Too late, I identify as a Titanic supporter. I'm offended by your offence disclaimer.


----------



## DavecUK (Aug 6, 2013)

NJD1977 said:


> Too late, I identify as a Titanic supporter. I'm offended by your offence disclaimer.


 Dammit, we will get the thread locked soon...then you will be stick with that hole 

Still, you might have already had your repair advice....


----------



## Blue_Cafe (Jun 22, 2020)

I think this ship has sank...


----------



## El carajillo (Mar 16, 2013)

Still awaiting photo ??


----------



## DavecUK (Aug 6, 2013)

El carajillo said:


> Still awaiting photo ??


 He will be getting it developed...


----------



## El carajillo (Mar 16, 2013)

DavecUK said:


> He will be getting it developed...


 Not Polaroid ?


----------



## MartinB (May 8, 2011)

hahaha! Great comments! I've beeen using my Gaggia for a few days. I think I've realised that I need to replace the boiler regardless but will get a pic for you lot. I've had a few Pavoni's and haven't encountered something like this before, annoyingly.


----------



## DavecUK (Aug 6, 2013)

Are you on Rankins waiting list or something?


----------



## Northern_Monkey (Sep 11, 2018)

Just checked espresso shop and a new Europiccola body is £250 😢

Whilst a brand new whole machine is only £400.

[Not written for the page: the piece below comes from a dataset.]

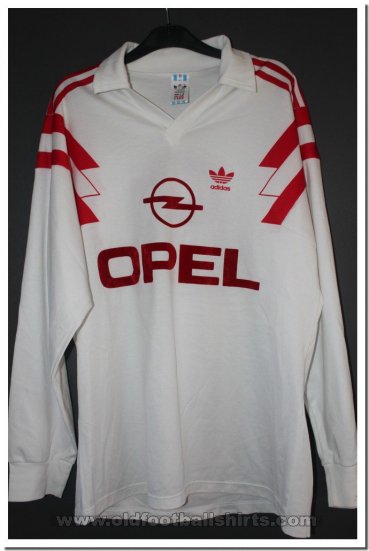 Standard Liege Away football shirt 1989 - 1990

Is there no way to get the pin hole in the body soldered or patched up on the inside? If it's the main body then it sounds a bit fatal in terms of cost.


----------



## AndyDClements (Aug 29, 2016)

There are often used parts on eBay at decent prices, but may equally good to sell on and buy a replacement.


----------



## coffeechap (Apr 5, 2012)

Or get a used body 😉


----------



## MartinB (May 8, 2011)

coffeechap said:


> Or get a used body 😉


 Pm'd


----------



## Blue_Cafe (Jun 22, 2020)

Re: OP title:

Is this actually the Gaggia or the Pavoni that is leaking?

#Confused 😕


----------



## MartinB (May 8, 2011)

Blue_Cafe said:


> Re: OP title:
> 
> Is this actually the Gaggia or the Pavoni that is leaking?
> 
> #Confused 😕


 it's a Gaggia 106 - which is basically a Pavoni Pro/Romantica with a silly hat.


----------



## Blue_Cafe (Jun 22, 2020)

MartinB said:


> it's a Gaggia 106 - which is basically a Pavoni Pro/Romantica with a silly hat.


 Ooh, nice!

I would love to use one of the old lever machines like that.

Where's that photo then?


----------



## bluebeardmcf (Nov 28, 2016)

Exactly where is the leak? Is it on a joint or in the boiler body?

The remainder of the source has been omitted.